EXERCISE DATA >>
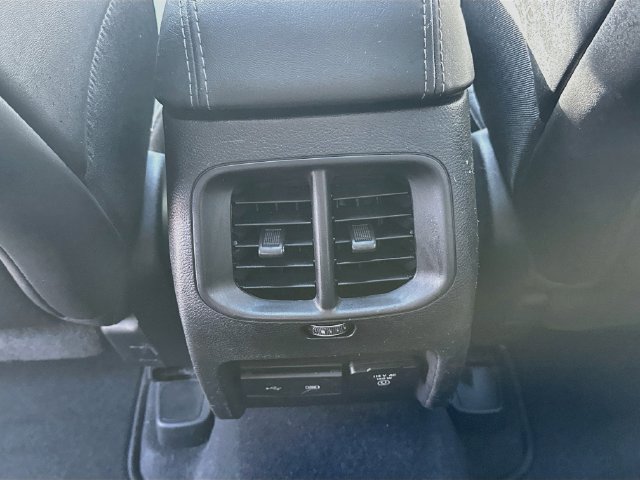 Used 2020 Jeep Cherokee Limited AWD/4WD image 28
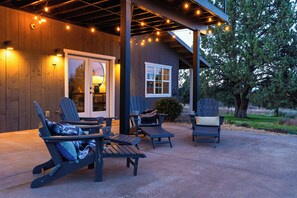 Terrace/patio - Game Room + Bar + Mountain Views • Near Sisters + Bend | Cascade Crest (Bend)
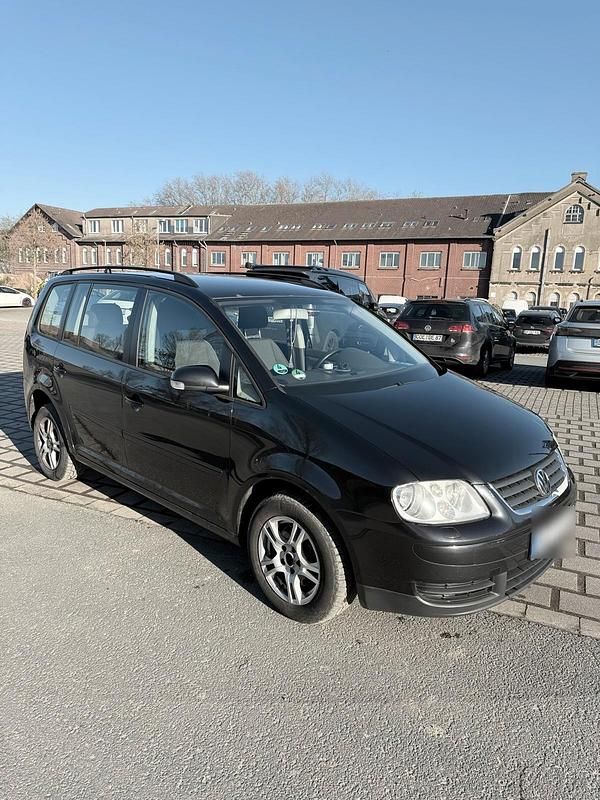 Gebraucht VW Touran 100 PS (73 kW) 2003 Schwarz Van / Kleinbus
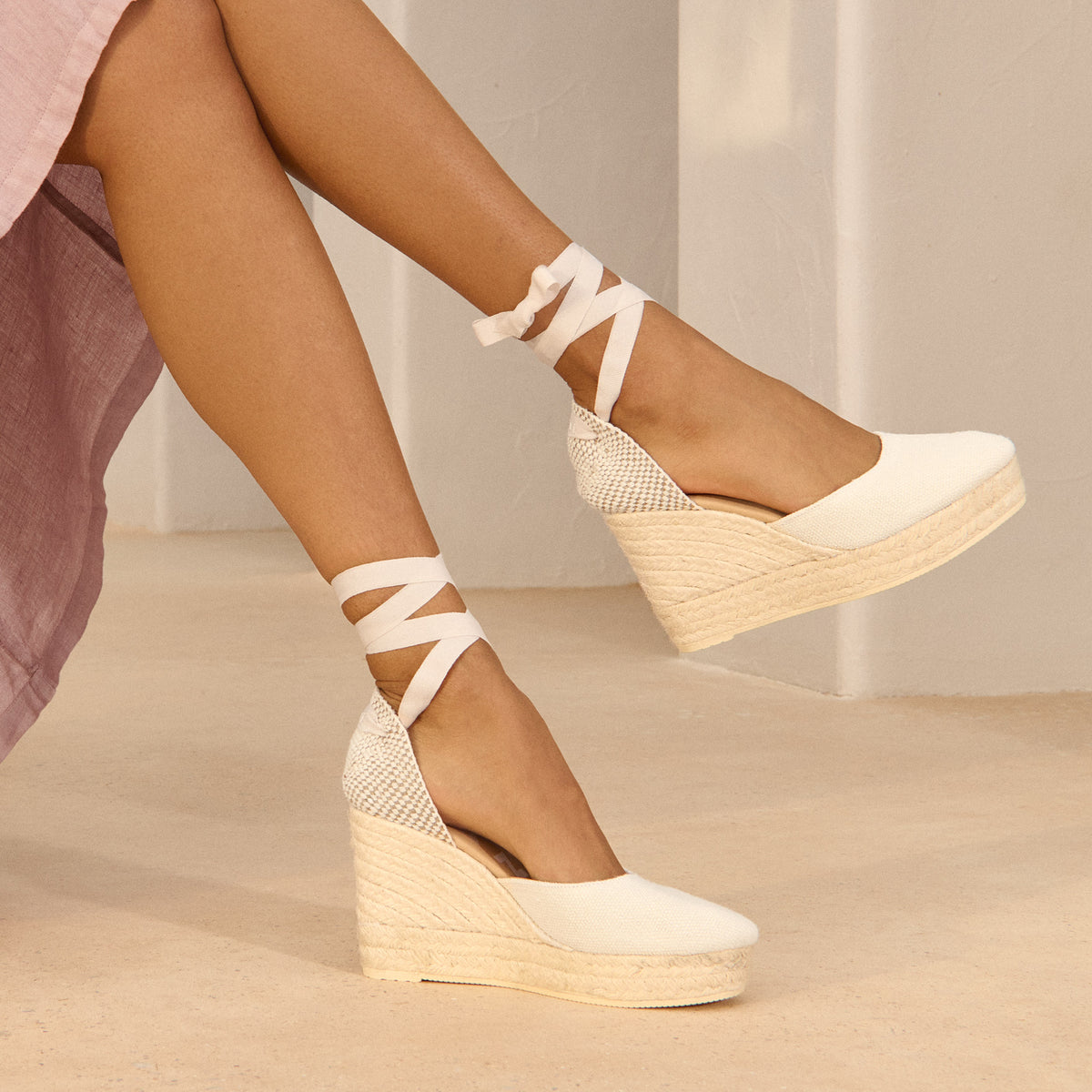 Manebí  Sandals With Knot-La Havana-White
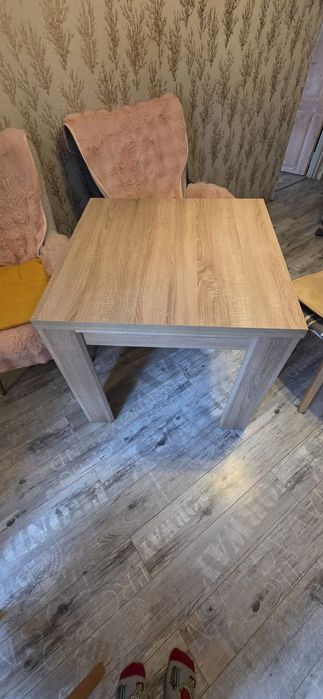 Stół,  dąb  sonoma 80x80 rozkładany  do 160cm)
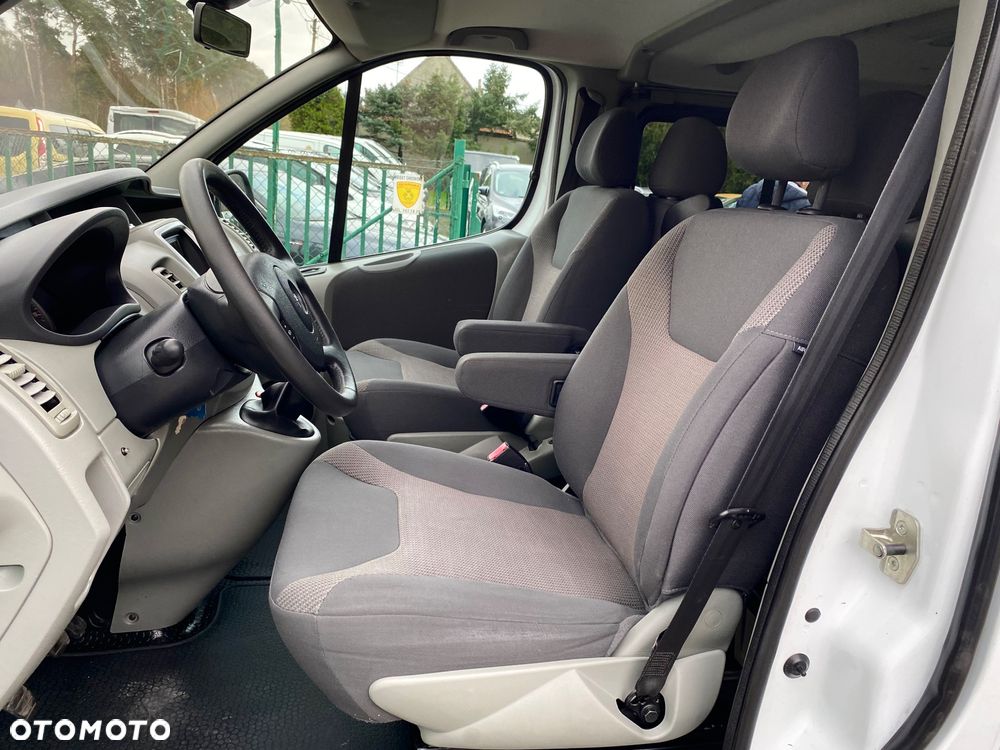 Opel Vivaro - 18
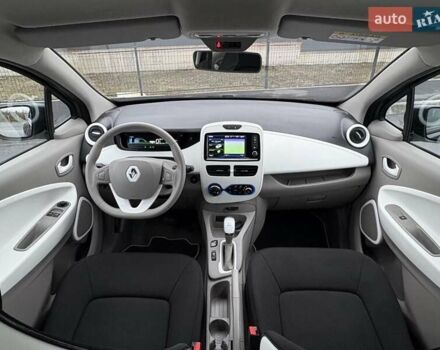 Серый Рено Зое, объемом двигателя 0 л и пробегом 62 тыс. км за 9500 $, фото 20 на Automoto.ua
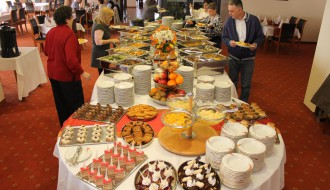 Nedeljni ručak u restoranu Panorama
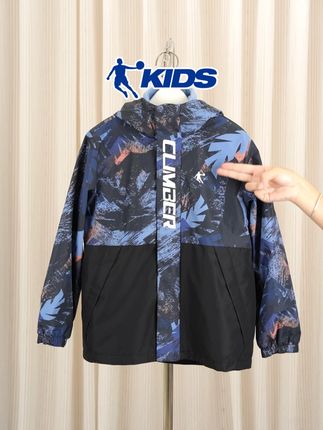 细节控妈妈爱了!乔丹外套的拉链丝滑不卡顿,娃自己就能穿脱 #潮童穿搭#儿童防风外套#面料柔软舒适#三防面料#儿童外套推荐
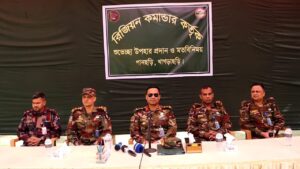 পানছড়িতে সেনাবাহিনীর শুভেচ্ছা উপহার প্রদান: মতবিনিময় সভায় শান্তি ও সম্প্রীতির বার্তা রিজিয়ন কমান্ডারের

TO DO >>
In your copy of the entries above, keep the text exact and leave out the pictures.

ANSWER FOR THE TASK >>
 Used 2020 Jeep Cherokee Limited AWD/4WD image 28
 Terrace/patio - Game Room + Bar + Mountain Views • Near Sisters + Bend | Cascade Crest (Bend)
 Gebraucht VW Touran 100 PS (73 kW) 2003 Schwarz Van / Kleinbus
 Manebí  Sandals With Knot-La Havana-White
 Stół,  dąb  sonoma 80x80 rozkładany  do 160cm)
 Opel Vivaro - 18
 Серый Рено Зое, объемом двигателя 0 л и пробегом 62 тыс. км за 9500 $, фото 20 на Automoto.ua
 Nedeljni ručak u restoranu Panorama
 细节控妈妈爱了!乔丹外套的拉链丝滑不卡顿,娃自己就能穿脱 #潮童穿搭#儿童防风外套#面料柔软舒适#三防面料#儿童外套推荐
 পানছড়িতে সেনাবাহিনীর শুভেচ্ছা উপহার প্রদান: মতবিনিময় সভায় শান্তি ও সম্প্রীতির বার্তা রিজিয়ন কমান্ডারের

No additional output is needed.